◆ Assigned task
The reply should hold only the lines below beginning at the one with "Epistle ad Pisones Manuscript ', by Horace." and ending at the one with "White Ceramic Bud Vases w/Gold Stripe", copied exactly, with every picture left out.

◆ Dataset extract
|---|

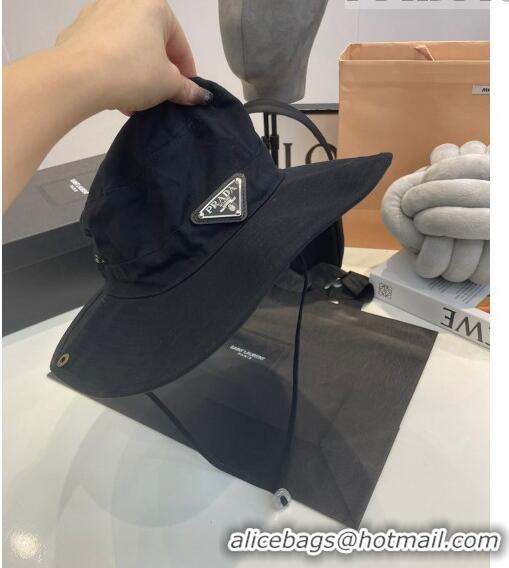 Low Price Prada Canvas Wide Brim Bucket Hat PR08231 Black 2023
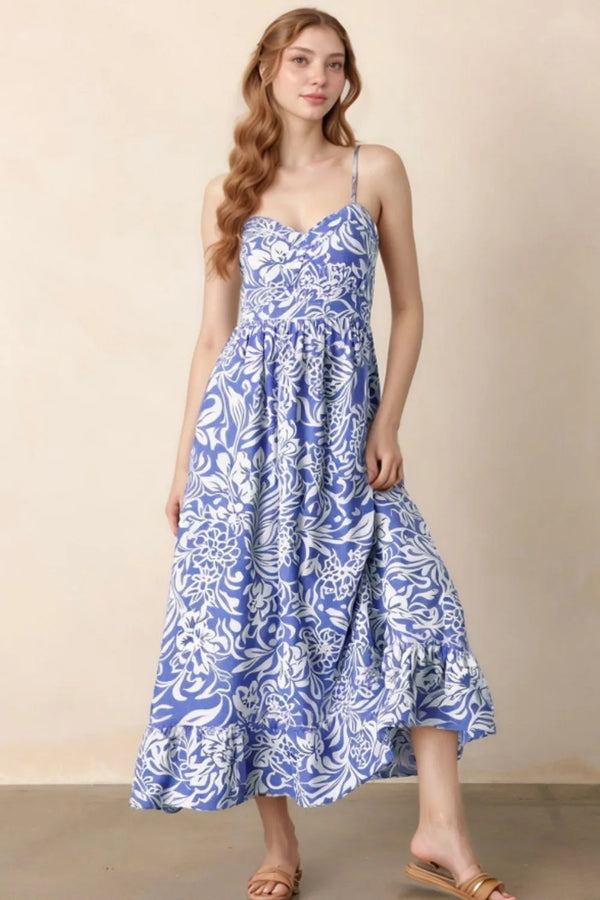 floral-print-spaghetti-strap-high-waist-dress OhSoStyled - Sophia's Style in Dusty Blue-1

|---|

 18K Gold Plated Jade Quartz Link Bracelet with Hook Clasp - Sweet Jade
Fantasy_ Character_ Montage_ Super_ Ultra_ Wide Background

|---|

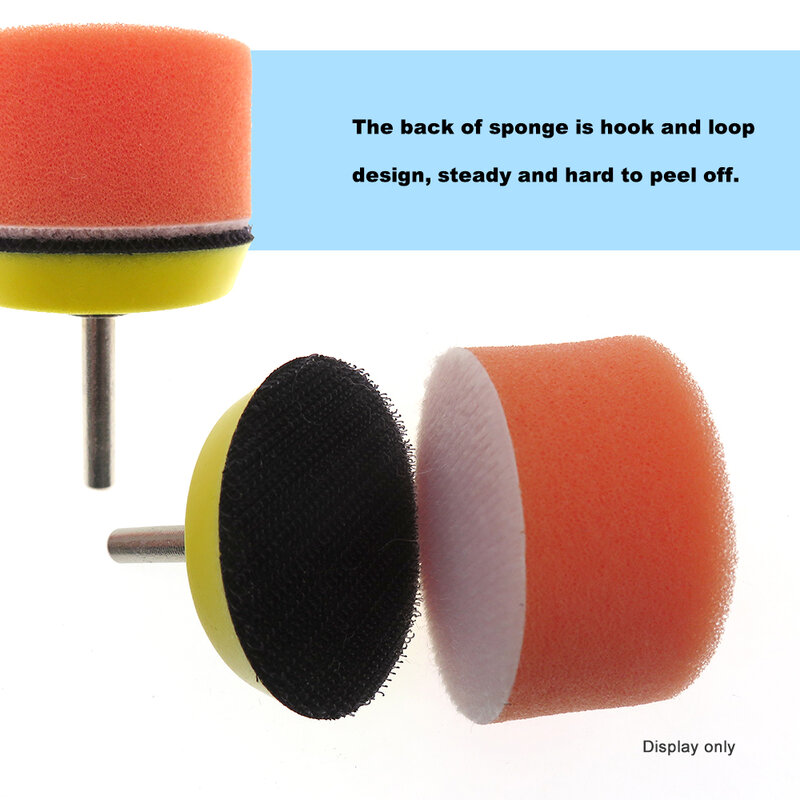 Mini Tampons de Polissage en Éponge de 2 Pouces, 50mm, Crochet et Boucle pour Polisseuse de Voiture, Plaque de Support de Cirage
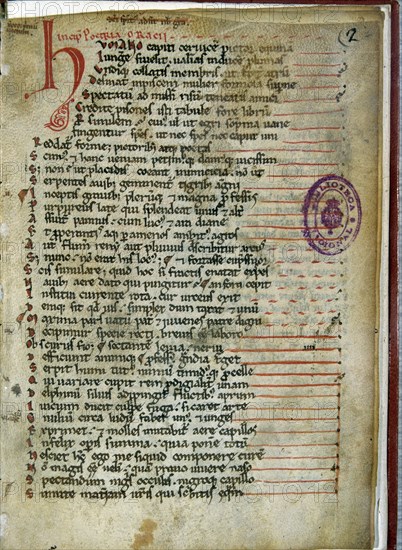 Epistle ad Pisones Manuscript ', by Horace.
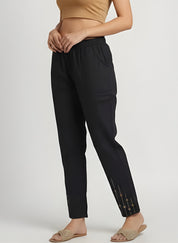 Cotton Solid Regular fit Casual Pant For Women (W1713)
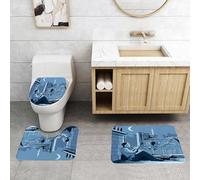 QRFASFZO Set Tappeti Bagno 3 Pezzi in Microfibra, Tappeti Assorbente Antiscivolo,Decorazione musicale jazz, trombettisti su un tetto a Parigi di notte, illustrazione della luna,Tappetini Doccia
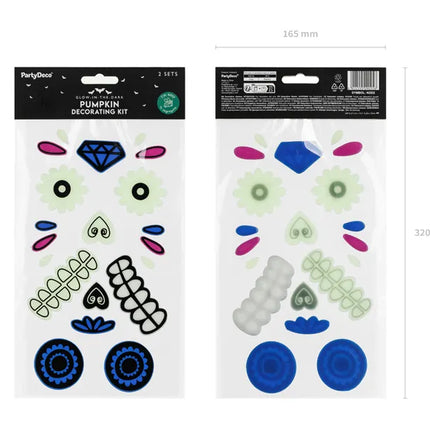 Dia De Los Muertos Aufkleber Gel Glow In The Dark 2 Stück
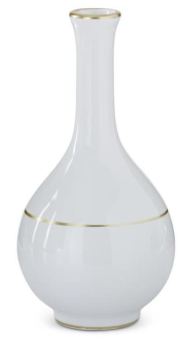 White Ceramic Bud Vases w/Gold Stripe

|---|

◆ Answer to the exercise
 Epistle ad Pisones Manuscript ', by Horace.
 Cotton Solid Regular fit Casual Pant For Women (W1713)
 QRFASFZO Set Tappeti Bagno 3 Pezzi in Microfibra, Tappeti Assorbente Antiscivolo,Decorazione musicale jazz, trombettisti su un tetto a Parigi di notte, illustrazione della luna,Tappetini Doccia
 Dia De Los Muertos Aufkleber Gel Glow In The Dark 2 Stück
 White Ceramic Bud Vases w/Gold Stripe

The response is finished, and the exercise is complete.